News organizations will face an important decision when the polls close Tuesday night in New Jersey.

If all goes as expected and Hillary Clinton wins even close to a majority of the 126 delegates up for grabs, journalists will make a choice, more or less, between two possible headlines:

  • Clinton Clinches Nomination
  • Clinton Wins New Jersey

There’s no question that headline No. 1 makes the bigger splash. There’s also no question, at least in my mind, that journalists should go with something closer to headline No. 2.

The argument for No. 1 goes like this: With 2,383 delegates needed for the nomination, New Jersey’s delegates will likely put Clinton over the top as long as you count the 548 superdelegates who have committed to support her.

My argument for headline No. 2 (or something more nuanced shy of No. 1) goes like this: Since those 548 superdelegates won’t actually cast their votes until the convention in July, it’s premature for journalists to act as if they have, in fact, already voted.

Clinton’s current overwhelming support among superdelegates (Sanders has commitments from only 46 of them) should by all means be part of Tuesday night’s story. But it should not be used to support declarations like Clinton clinching, crossing the threshold or any other lingo suggesting it’s all over.

The social media debate on the headline question has been vigorous, fueled in part by claims of media bias for and against both candidates.

I base my argument on a non-partisan journalistic principle: Report what you know.

Chris Matthews touched off the debate on his Hardball show May 23 with this comment to Sanders campaign manager Jeff Weaver:

I’m told by the experts on numbers around here at NBC and elsewhere that come June 7 the day of the California primary…at 8 o'clock that night, Eastern Time, the networks will be prepared — including this one — to announce that Hillary Clinton has now gotten over the top, that she will have won the nomination in numbers. It’s done.

Matthews asked Weaver whether such a declaration hours before the polls close that night in California and other western states would depress turnout more among Sanders supporters or those backing Hillary Clinton.

“It will depress turnout on both sides,” Weaver answered. “Whenever there’s no contest you get depressed turnout.” (That reality has prompted Congress to debate uniform poll closings for years without resolution.)

You’d expect Weaver to object to what Matthews characterized as network plans to award the nomination to Clinton. But his point is worth considering without regard to his role in Sanders’ camp.

As he argued that declaring Clinton the presumptive nominee would be “an inaccurate description of the state of the race,” Matthews interjected: “So the networks will be wrong?”

“Yes,” Weaver responded. “All we have from superdelegates is essentially a poll.”

If you’re anything like me and have failed to keep track of exactly how the Democratic Party apportions delegates and superdelegates, here’s a primer drawn from a Feb. 26 Washington Post story by D. Stephen Voss:

The Democratic Party allocated 4,763 delegate slots for its 2016 national convention…Voters select more than 4,000 of those delegates, choosing them in state primaries and caucuses according to which candidates the delegates pledged to support.

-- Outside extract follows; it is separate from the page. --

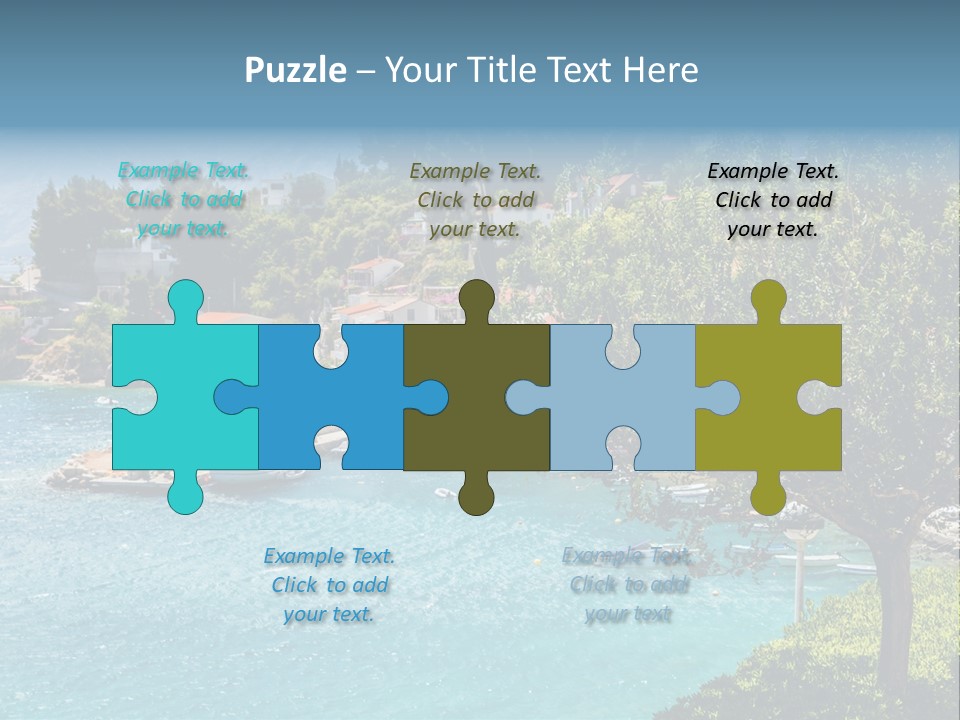 A Lake With Boats In It And A Mountain In The Background PowerPoint Template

But the remaining 15 percent of the delegate seats, or 712 in total, were set aside for Democrats identified by the positions they hold (or used to hold) within the party...

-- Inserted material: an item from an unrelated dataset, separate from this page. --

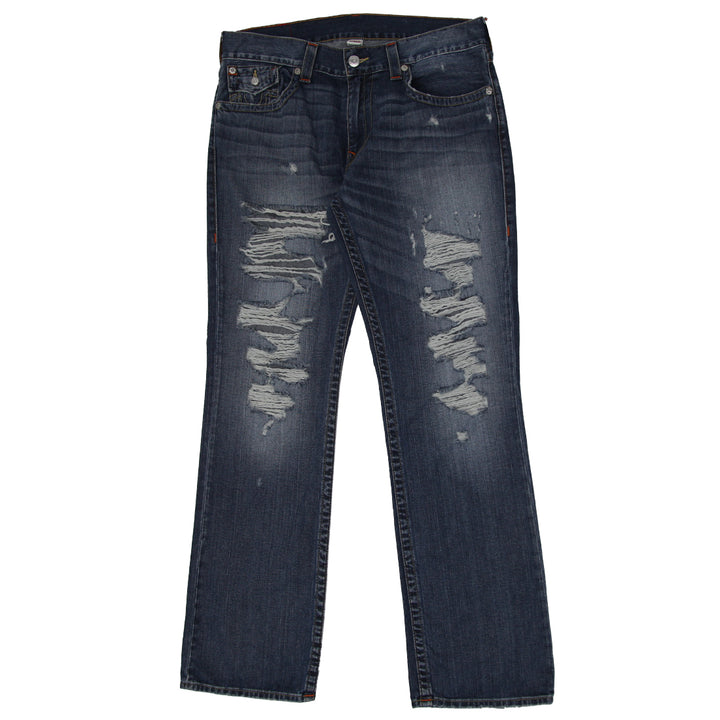 Mens Y2K True Religion Straight Ripped Jeans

These so-called superdelegates are not required to support a particular candidate. They may ignore voters’ preferences if they wish. Instead, they select a candidate using their own judgment, a choice they may (or may not) signal in advance by issuing an endorsement.

In a piece published May 24, Harry Enten of FiveThirtyEight noted that his organization has refrained from including superdelegates in its tracker because delegates could still change their minds — especially if Sanders were to win a majority of elected delegates. With that scenario now a virtual impossibility, he suggested that Tuesday night might be the time to assume Clinton will hold onto enough superdelegates “to clinch the nomination."

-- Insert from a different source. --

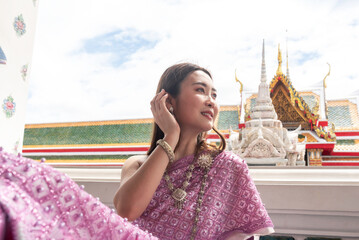 young woman dressed in traditional Thai.Thai national costume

Since when should journalists be drawing conclusions based on assumptions?  

Sanders supporters offer a variety of scenarios that might swing superdelegate support their way: More damning revelations about Clinton’s email problems, polls showing Sanders as a stronger candidate against presumptive Republican nominee Donald Trump, etc.

Clinton backers have as many rebuttals as the Sanders people have scenarios, of course. Neither am I discounting how stunning it would be if the superdelegates — the very embodiment of the Democratic Party establishment — were to end up handing the nomination to the most anti-establishment candidate in years.

Almost as stunning as an outrageous outlier like Donald Trump winning the Republican nomination.

Here’s the real question that journalists need to humble themselves and ask Tuesday night: Who knows what might happen between now and July 25 when the Democratic National Convention opens in Philadelphia?

Especially in an election year like this one, the answer is clear: Nobody knows!

As more and more campaign coverage devolves into unknowable guesswork — speculation about the horserace — journalistic principles like reporting what you actually know have faded into the background.